NWFL Chief Operating Officer, Modupe Shabi, said the choice of Port Harcourt reflects the Rivers State Government’s continued support for women’s football and its successful hosting of the league’s Annual General Assembly last year.
The Super Six tournament will feature the top three teams from Group A and Group B of the regular season competing in a round-robin format, with each club playing five matches over nine days.
Qualified teams for the competition include defending champions Bayelsa Queens, Edo Queens, Rivers Angels, Robo Queens, Nasarawa Amazons, and debutants Abia Angels.

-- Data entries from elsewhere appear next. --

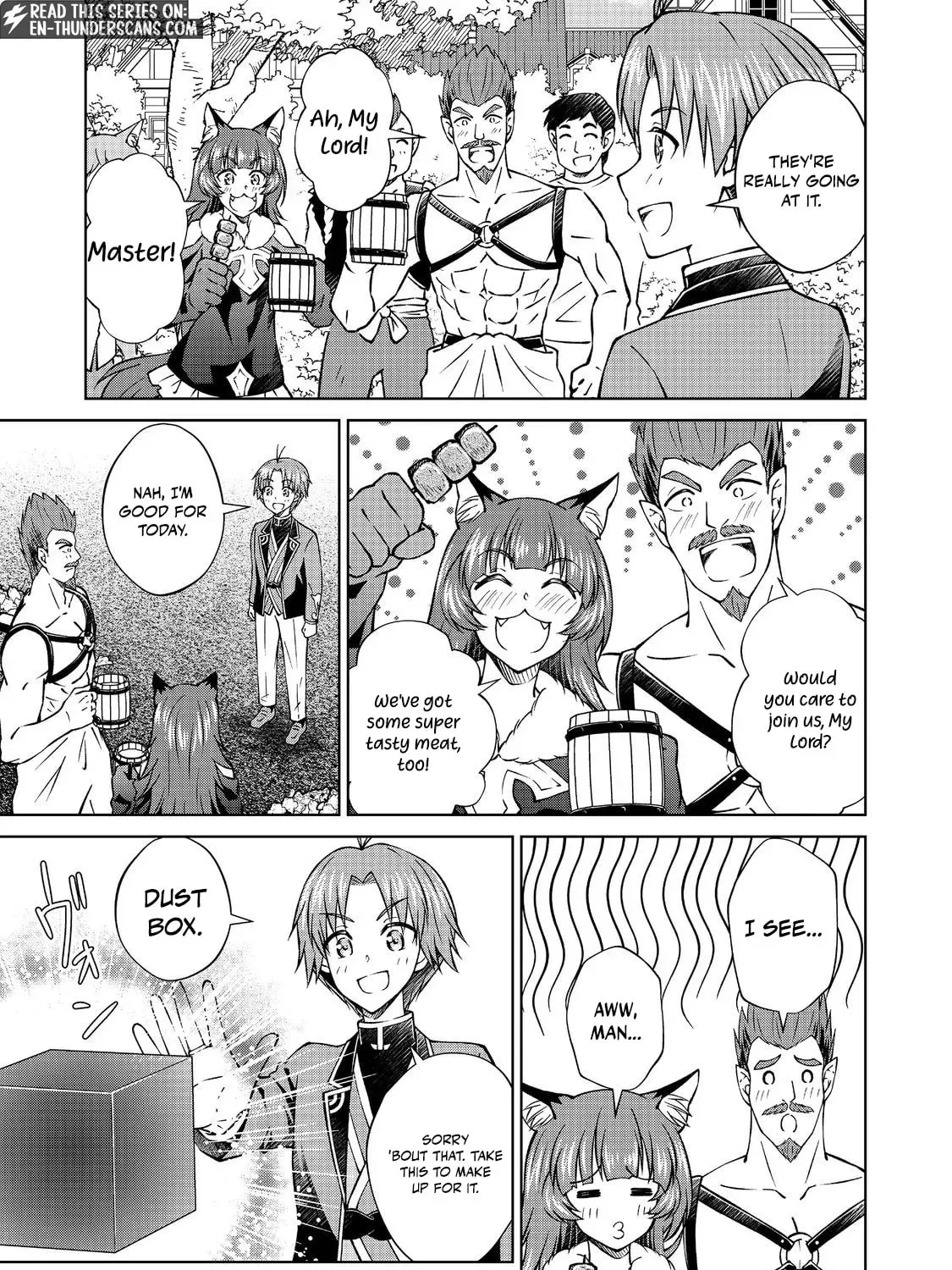 I Am a Noble About to Be Ruined, But Reached the Summit of Magic Because I Had a Lot of Free Time. Chapter 52 page 6 - 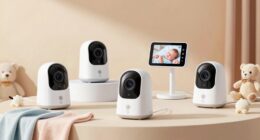 top camera baby monitors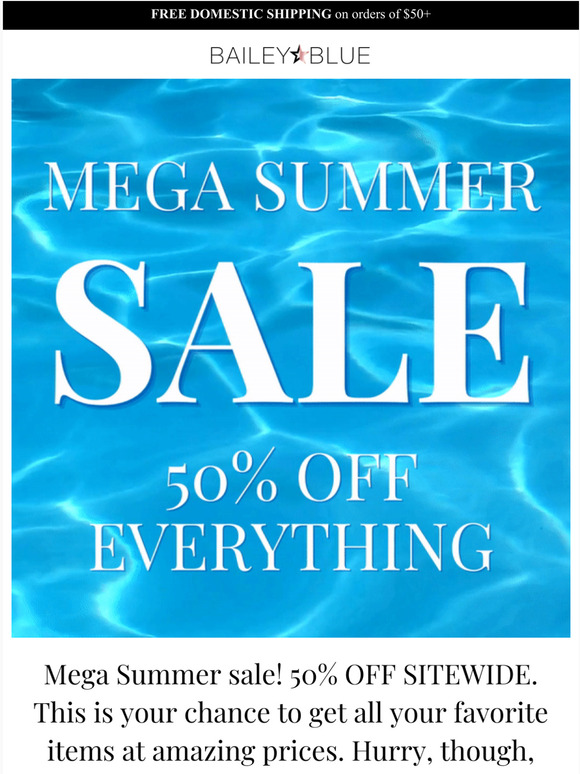 SITEWIDE SALE 🚨💸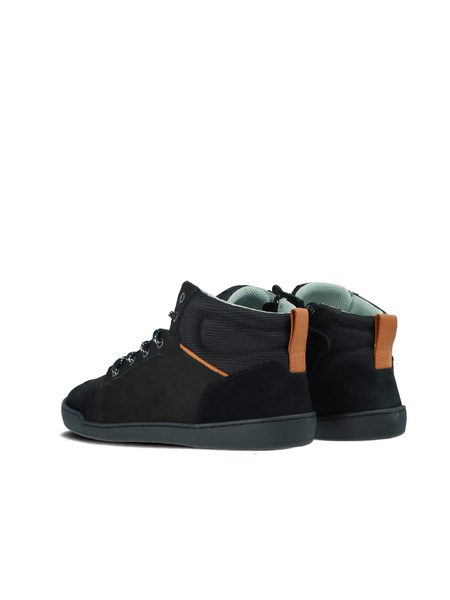 CRAVE BILBAO Black | Kotníkové barefoot boty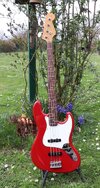 Edwards (ESP) Jazz Bass aus 2009, CAR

The NWFL Premiership has produced four different winners in the last five editions, with Rivers Angels winning in 2021, Bayelsa Queens claiming the title in 2022 and 2025, Delta Queens triumphing in 2023, and Edo Queens emerging champions in 2024.

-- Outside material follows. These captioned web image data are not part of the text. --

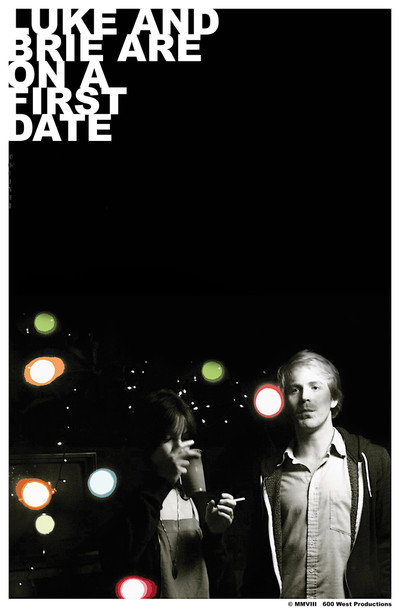 Póster de Luke and Brie Are on a First Date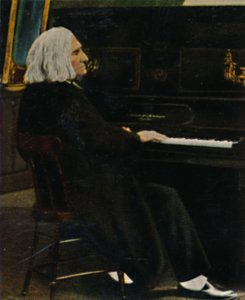 Franz von Liszt by Unbekannt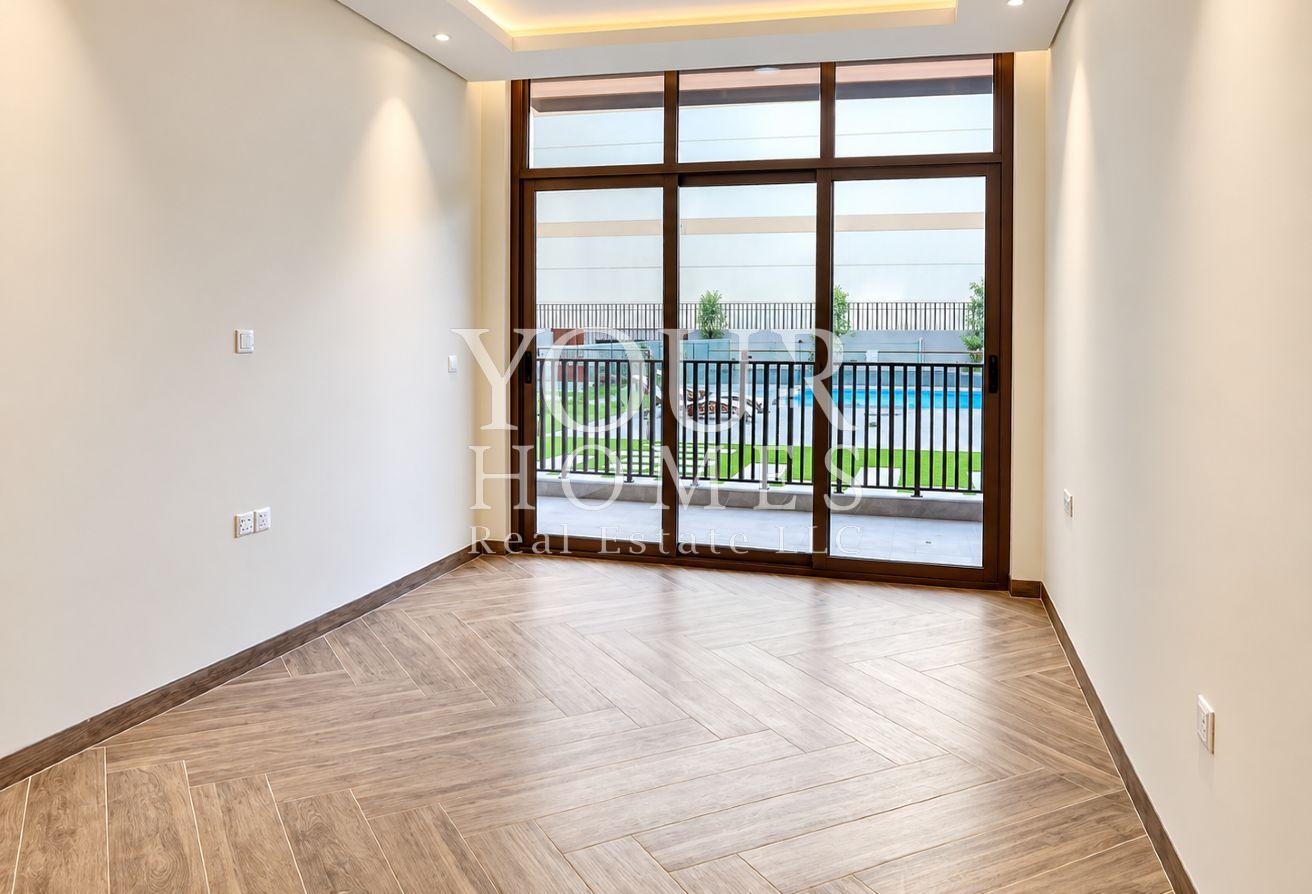 Spacious 1BR | Pool View | Chiller Free photo 7
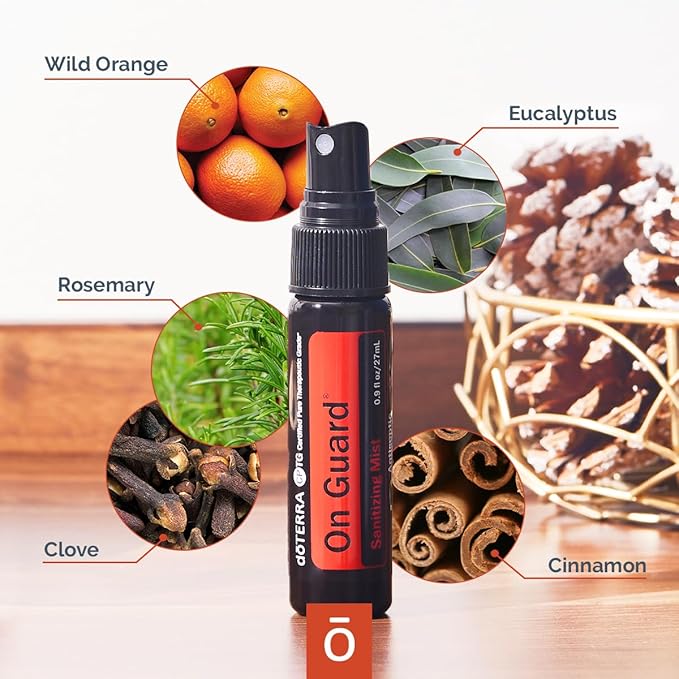 doTERRA On Guard Sanitizing Mist - 27mL (5 Pack)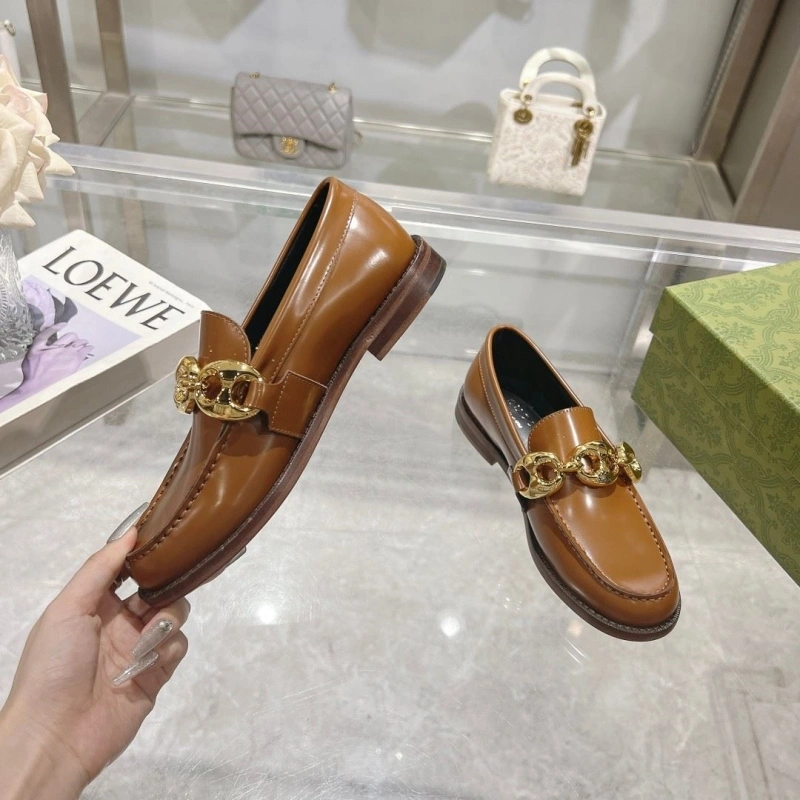 Efficient Gxccx Leather Shoes 158880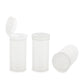 Plastic Pop Top 13 Dram, 315-Pack, Child Resistant (Loud Lock)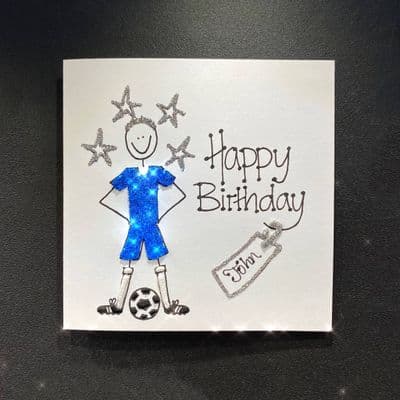 Happy Birthday Footballer: Pick Your Own Team!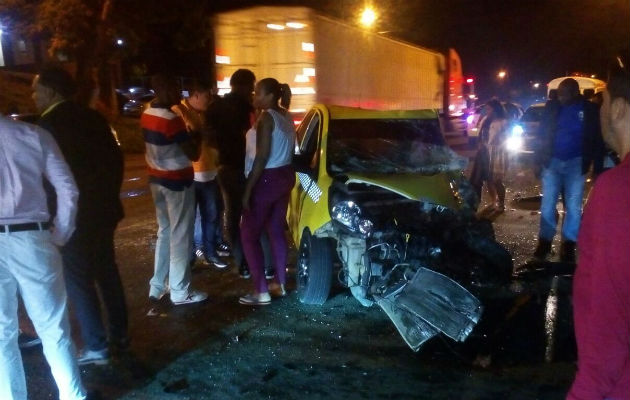 Las autoridades investigan el incidente. Foto/Delfia Cortez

The league also urged participating clubs to comply with all competition regulations and directives ahead of the championship. The Super Six will determine Nigeria’s representative for the WAFU-B qualifiers for a place at the 2026 CAF Women’s Champions League and ultimately the 2027 FIFA Women’s Champions Cup.
Teams are expected to arrive on Friday, June 5, when the draw ceremony and pre-match meeting will also take place. Matchdays are scheduled for June 6, 8, 10, 12, and 14, with rest days in between before the tournament concludes with the trophy presentation ceremony.